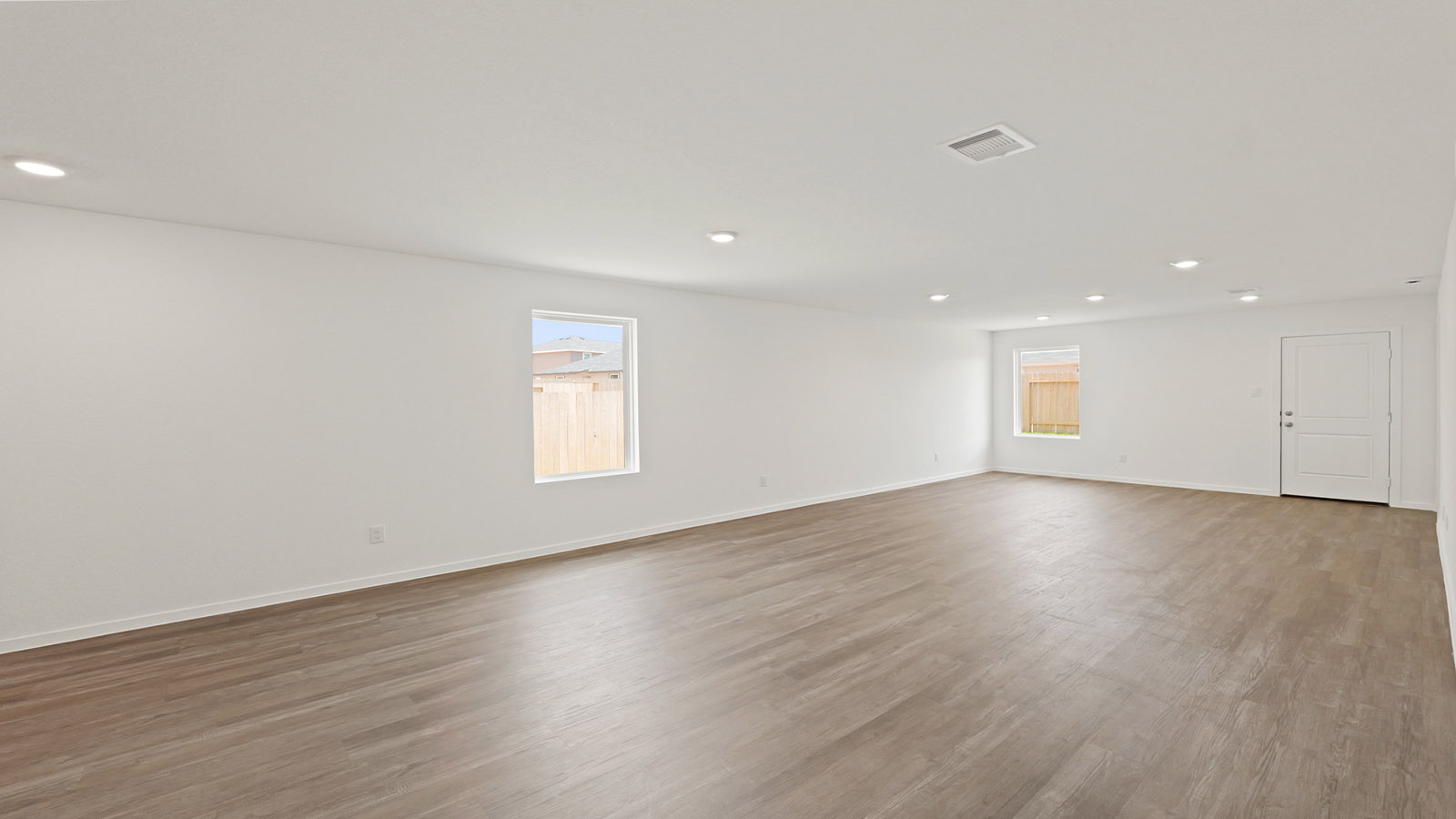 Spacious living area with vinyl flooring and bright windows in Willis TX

#####

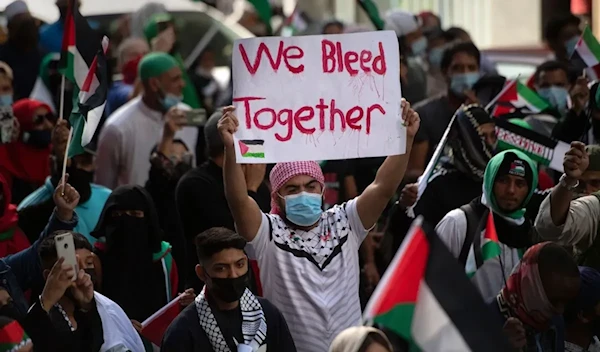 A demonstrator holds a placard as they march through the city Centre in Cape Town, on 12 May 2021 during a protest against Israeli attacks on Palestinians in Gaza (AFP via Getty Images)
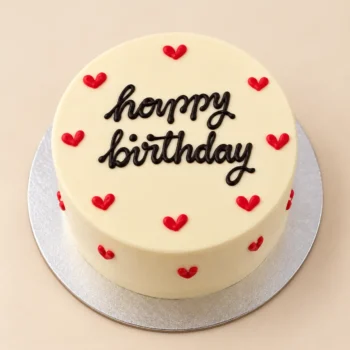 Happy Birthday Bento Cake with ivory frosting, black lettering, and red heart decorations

#####

Exercise prompt:
From the records above, transcribe exactly the lines starting at the one containing "A demonstrator holds" and ending at the one containing "Happy Birthday Bento". Skip the pictures.

Your response:
 A demonstrator holds a placard as they march through the city Centre in Cape Town, on 12 May 2021 during a protest against Israeli attacks on Palestinians in Gaza (AFP via Getty Images)
 Happy Birthday Bento Cake with ivory frosting, black lettering, and red heart decorations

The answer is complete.